Architektur und Kunst sind zwei Disziplinen, die sich berühren, befruchten und voneinander profitieren können. Sich ein Bild von Architektur zu machen, ist eine anspruchsvolle Sache. Sie real zu erleben, spricht direkt viele Sinne an. Abstrakte Pläne zu lesen, steht nur Eingeweihten zu und lässt den Klang von Raum nur erahnen. Walter Niedermayr kommt aus der Kunst und richtet seinen Blick auf den Raum. Er ist ein präziser Beobachter der Landschaft, dem Raum, den vom Menschen Schrit für Schritt erobert wird. Sein Thema sind die Spuren der Zivilisation, die er in seinen bekannten Dyptichen zu Panoramen montiert, die unendlich erscheinen.

Seit mehreren Jahren begleitet er das Architektenteam Sanaa und ihre Projekten. Poetisch zeichnet er auf, was nicht zu sehen ist. Seine Bilder der Gebäude sind nicht dokumentarisch gemeint, vielmehr nähern sie sich der Seele der aussergewöhnlichen Projekte an. Das Tokyoer Architekturbüro schafft mit seinen ephemeren, farblos-transparenten Räumen auf den ersten Blick unnahbare, aber bei eingehender Betrachtung Gebäude mit menschlichem Mass. Sie lassen sich inviduell benutzen, beleben und bieten Geborgenheit. In ihrer Geradlinigkeit nutzen sie die Projektbedingungen individuell aus und geben jedem neuen Haus seinen eigenen Charakter. Jüngste Beispiele sind die Zollverein School of Management and Design, das vollständig transparente Bürogebäude am neuen Novartis Campus in Basel oder das Moriyama House, ein radikales Appartmentkonzept, das aus zehn Ein-Raum-Pavillons besteht.
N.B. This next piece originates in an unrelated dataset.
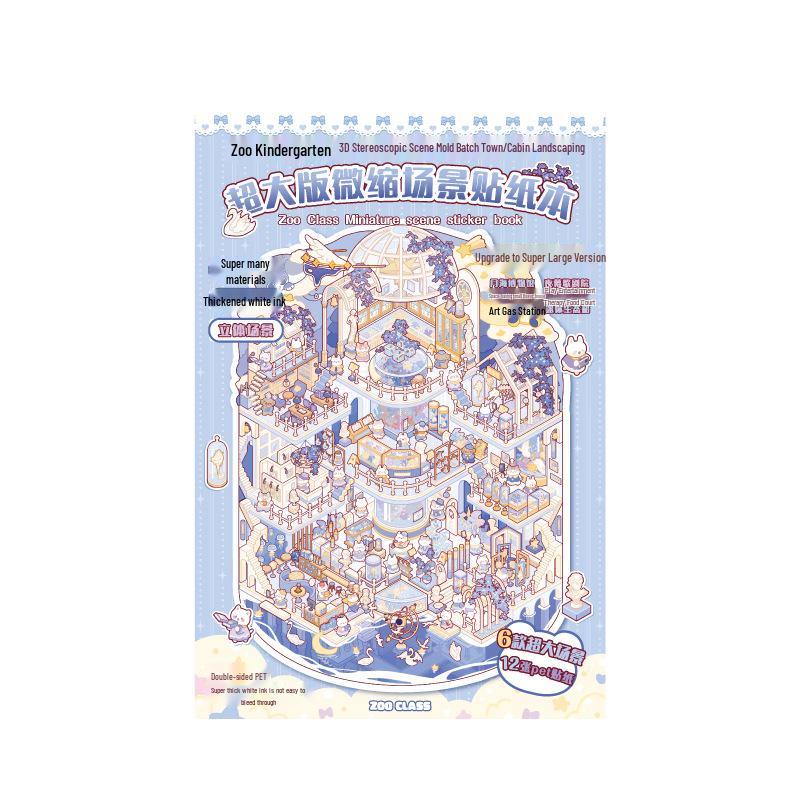 Light Luxury Cartoon Miniature Scene Sticker Book: Creative Fun DIY Stickers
Im vorliegenden grossformatigen, weissen Band reihen sich Bildräume auf mattem Kunstdruckpapier, unterbrochen von Projektbeschreibungen auf verkürztem dünnem Naturpapier aneinander. Die Materialität mutet japanisch an, die Typografie zelebriert Weissraum und Reduktion, die Dramaturgie moderiert ein fliessend-gleitendendes Lesen der poetischen Bildeindrücke. Diese hohe gestalterische Qualität hat einen bekannten Namen: Mevis & Van Deursen, das Amsterdamer Duo hervorragenden Designs seit über 15 Jahren übersetzt den künstlerischen Anspruch der Fotografie und die ideale Darstellung der Architektur selbstverständlich in das Medium Buch und kommt damit der Philosopie von Sanaa sehr nah. Exakt das zeichnet einen guten Gestalter aus: Die Übersetzung einer Haltung in eine lesbare Sprachen. Das vorliegende Buch ist ein Musterbeispiel dafür, wie befruchtende Zusammenarbeit dreier Disziplinen gelingen kann.